State attorneys argued the law is constitutional since it technically doesn’t take any money out of union coffers.
Judge William Foust agreed the law amounts to taking the unions’ property without just compensation, and that it violates the state constitution.
Attorney General Brad Schimel has announced plans to appeal the ruling and issued a statement saying, “We are extremely disappointed that the Dane County Circuit Court struck down Wisconsin’s right-to-work law, but we are confident the law will be upheld on appeal.”
Other statements on the ruling have been predictably split along party lines.

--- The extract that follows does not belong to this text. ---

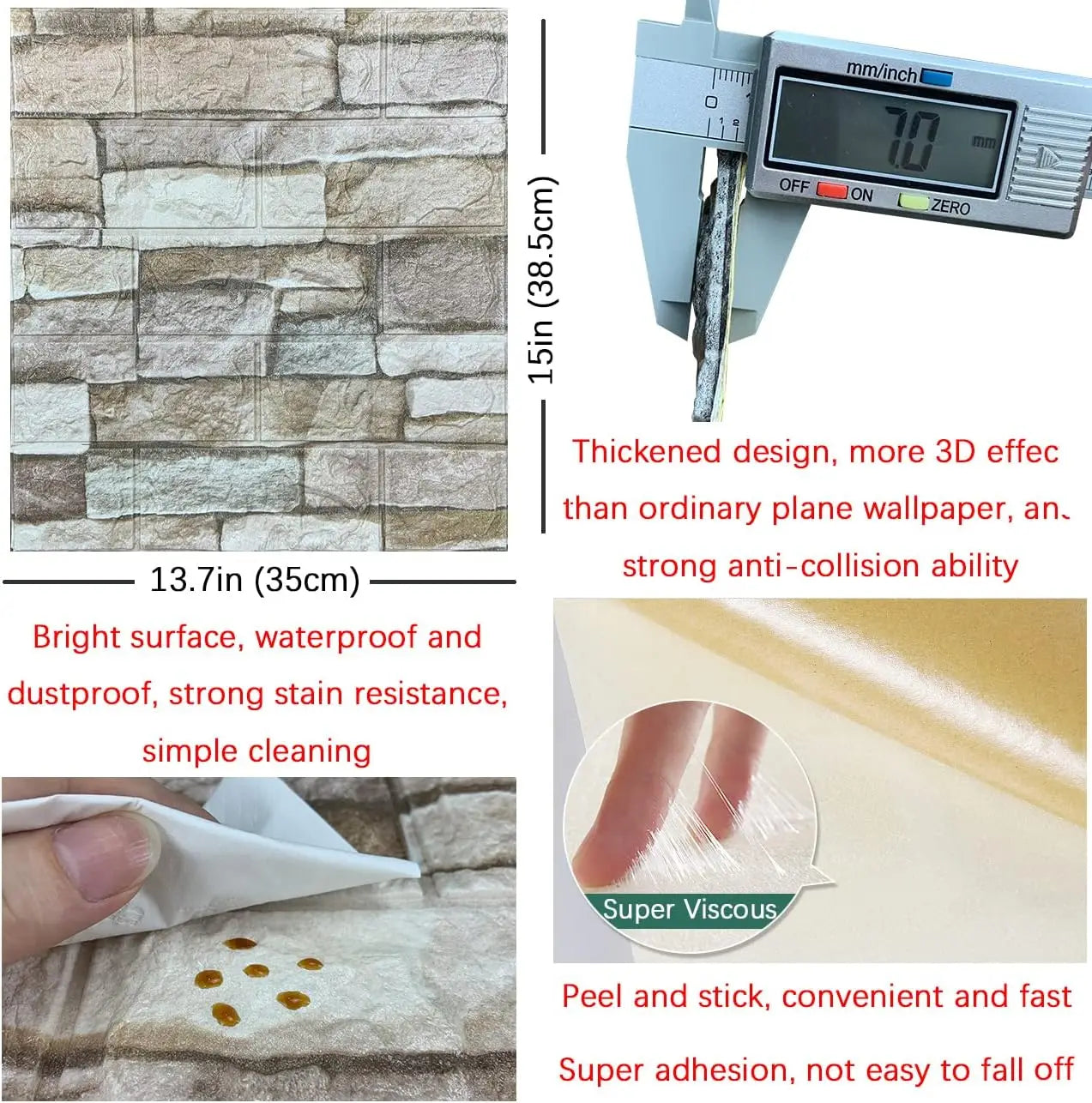 20PCS 3D Wall Panels Peel and Stick Foam 3D Brick Wallpaper Peel and Stick Faux Stone Wall Panel Self-Adhesive Wallpaper (20PCS,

Wisconsin State Assembly Speaker Robin Vos said the judge was legislating from the bench, “Once again a liberal Dane County judge is trying to legislate from the bench. No one should be forced to join a union or pay union dues as a condition of employment. I’m confident that this decision will be reversed in a higher court and worker freedom will prevail.” But Assembly Minority Leader Peter Barca said the ruling was “a victory for workers’ rights and middle class families.”
The National Right to Work Legal Defense Foundation issued a statement predicting the judge’s ruling would be overturned on appeal:
Right to Work laws have been passed by 26 states and have been repeatedly upheld in state and federal court. However, that didn’t stop a lone Dane County Circuit Court judge from ruling against Wisconsin’s Right to Work law on extremely questionable grounds. According to the Court’s dubious reasoning, the State of Wisconsin cannot protect employees from union bosses who threaten to have them fired for refusing to pay dues or fees to a union they don’t support.
This isn’t the first time a Dane County Circuit Court judge has overreached. Another judge previously struck down Governor Scott Walker’s Act 10 public-sector union reforms, a decision that was decisively reversed by the Wisconsin Supreme Court.
Contrary to the union’s misrepresentations which the judge disingenuously accepted, it is union bosses who choose to exercise monopoly control over all workers, including those who oppose the union and who feel they would be better off without union officials’ imposed ‘representation.’ Without Right to Work protections, the injustice that workers face by having an unwanted union imposed on them against their will is compounded by the injustice of being forced to pay a portion of their hard-earned paychecks to union officials they oppose.
Fortunately for Wisconsin workers, this Dane County judge’s ruling is not the final word on the matter. An appeal of this decision is certain, and we are confident that Wisconsin’s Right to Work law will ultimately be upheld by the Wisconsin Supreme Court.
The law known as Act 1 was enacted last March.